Maintenance therapy is started after a successful induction therapy and/or after consolidation therapy, and aims to prolong the time of remission with a good quality of life, with the ultimate goal of improving OS. Thalidomide maintenance therapy after autologous transplantation improved PFS in all six trials and OS in 3/6 studies,52, 53, 54, 55, 56, 57 but tolerance of the agent is a limiting factor. In elderly patients, an improvement in PFS without any benefit for OS has been found with thalidomide maintenance therapy.55, 56, 57, 58 Importantly, thalidomide maintenance therapy was even associated with inferior OS in high-risk patients.55 Bortezomib has been used as sole therapy or in combination with thalidomide after ASCT21, 26 and in combination with thalidomide or with prednisone in elderly patients.59, 60 When bortezomib was used in transplant-eligible patients both for induction and maintenance, a significant improvement in PFS and OS was noted as compared with thalidomide, but the design of the trial does not allow for a clear evaluation of the role of bortezomib in the maintenance setting.26 The combination of bortezomib plus thalidomide resulted in a superior PFS compared with thalidomide or interferon maintenance therapy alone in younger patients.21 In elderly patients, bortezomib plus thalidomide maintenance was found to yield a longer PFS compared with bortezomib plus prednisone, but, so far, the survival in both groups is comparable.59 VMPT followed by VT yielded a longer PFS and OS compared with sole VMP induction therapy in elderly patients, but the impact of VT maintenance in this study is difficult to assess owing to the design of the trial.60
Lenalidomide maintenance has been evaluated in elderly patients in one trial61 and in younger patients in three trials.46, 62, 63 All four studies showed a striking improvement in PFS with lenalidomide maintenance therapy, but OS was superior in only two of the three trials conducted in younger patients.62, 63
Lenalidomide maintenance treatment is associated with a roughly threefold increased incidence of secondary primary malignancies,64 but when the risk for dying is analyzed in patients with and without lenalidomide maintenance the odds for lower mortality are clearly in favor of patients on lenalidomide maintenance. Still, at the current time, the panel does not recommend the routine use of maintenance therapy.65
Treatment of relapsed and refractory disease
Relapse of myeloma (defined as an increase in the monoclonal protein by more than 25% and>0.5 g/dl) can evolve slowly without clinical signs or symptoms or fast with or without clinical complications. Treatment is required in those with symptoms and/or imminent complications. Selection of therapy depends on patient-specific factors, tumor characteristics, such as cytogenetics, the type, efficacy and tolerance of the previous treatment, the number of prior treatment lines, the available remaining treatment options and the interval from the last therapy.66, 67 Drugs with potential neurotoxicity, such as bortezomib or thalidomide, should be avoided in patients with polyneuropathy, whereas less myelotoxic drugs should be preferred in those with compromised bone marrow function. An oral regimen may be preferred in patients living far away from their myeloma treatment center.68
In young patients, a second ASCT procedure may be considered, provided the patient responded well to the previous ASCT and had a PFS of more than 12 months at least.69, 70, 71 The chance for an excellent response will increase with the duration of the treatment-free interval. Similarly, in elderly patients, the first-line therapy or, in case of multiple prior treatment lines, even the previous treatment can be repeated, provided it led to a significant tumor response, was well tolerated and PFS lasted for more than 6 months.72
Changing the treatment regimen and drug class (if possible) for second or further lines of therapy is recommended in patients with an insufficient response, a rapid relapse and poor tolerance. Treatment should be continued until best possible response, provided tolerance is adequate. Whether continuation of rescue treatment until the next relapse or intolerance or whether maintenance therapy will improve outcome is unknown at present. Parameters relevant for treatment selection are shown in Figure 1.

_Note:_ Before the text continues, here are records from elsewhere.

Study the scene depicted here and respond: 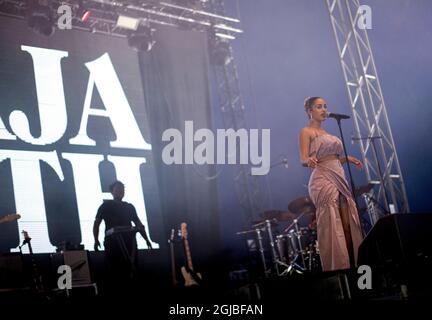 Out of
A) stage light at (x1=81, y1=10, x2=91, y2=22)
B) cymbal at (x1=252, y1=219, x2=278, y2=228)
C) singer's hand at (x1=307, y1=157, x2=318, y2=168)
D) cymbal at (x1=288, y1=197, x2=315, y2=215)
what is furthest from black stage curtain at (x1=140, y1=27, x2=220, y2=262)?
singer's hand at (x1=307, y1=157, x2=318, y2=168)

Recently, new effective agents, such as carfilzomib73 and pomalidomide,74 have been introduced for the treatment of relapsed/refractory patients, but these drugs are not yet available in several parts of the globe. Patients whose disease has become refractory to novel agents present a particular challenge. They may be enrolled in a clinical trial with novel experimental agents in case this option is available, or may be offered palliative treatment using alkylating agents in combination with corticosteroids, bendamustine-based combinations, high-dose dexamethasone or older regimens, such as the continuous infusion of DCEP or DT-PACE. Allogeneic SCT should, if at all, only be performed in the context of a clinical trial in highly experienced centers and only in patients with good response before transplant, but trials in the relapsed/refractory setting are not available at present.

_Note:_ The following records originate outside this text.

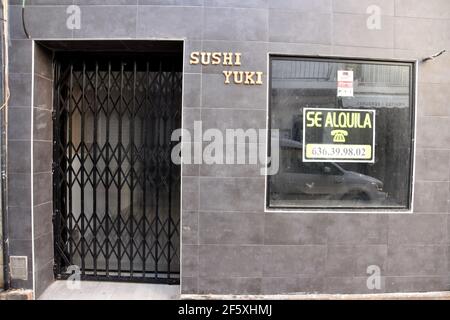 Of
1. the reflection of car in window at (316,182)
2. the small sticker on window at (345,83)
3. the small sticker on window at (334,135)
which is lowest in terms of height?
the reflection of car in window at (316,182)

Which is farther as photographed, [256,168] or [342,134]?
[342,134]

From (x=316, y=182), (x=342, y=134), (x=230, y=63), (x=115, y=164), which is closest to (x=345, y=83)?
(x=342, y=134)

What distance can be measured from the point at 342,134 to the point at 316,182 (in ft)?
2.45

Prevention and treatment of bone disease
Bone disease is a hallmark of MM, which may manifest itself as osteoporosis, osteolysis, fractures and, very rarely, osteosclerosis. The substantial loss in bone mass causes devastating complications that result in pain and a reduced quality of life. Bisphosphonates continue to be the mainstay of treatment, as they have demonstrated a reduction in skeletal-related events composed of pathological vertebral fractures, spinal cord compression, hypercalcemia and/or pain requiring surgery, radiotherapy or opioid analgesics.75 Intravenous zoledronate has been compared with oral clodronate in a large cohort of myeloma patients and was found to supersede clodronate in terms of skeletal-related events and, importantly, also in OS.76 Pamidronate is another aminobisphosphonate that has been extensively tested in myeloma patients. The usually administered dose is 90 mg every 4 weeks, but a lower dose (30 mg) has been found to be equally effective and better tolerated.77 The optimal duration of bisphosphonate therapy requires further investigation in trials. Bisphosphonates should be discontinued after 2 years in patients achieving complete response and may be continued in those with active disease or restarted if the patient meets disease progression criteria.78 Interestingly, the MRC IX trial showed that treatment with bisphosphonates for 2 or more years was associated with a significant improvement in OS compared with clodronate, suggesting that treatment beyond the generally recommended duration of 2 years may be associated with substantial benefits.79 However, further data are needed. Whether denosumab, a monoclonal antibody against RANKL, will become a therapeutic option in MM depends on the outcome of a currently ongoing large randomized trial evaluating denosumab in comparison with zoledronate.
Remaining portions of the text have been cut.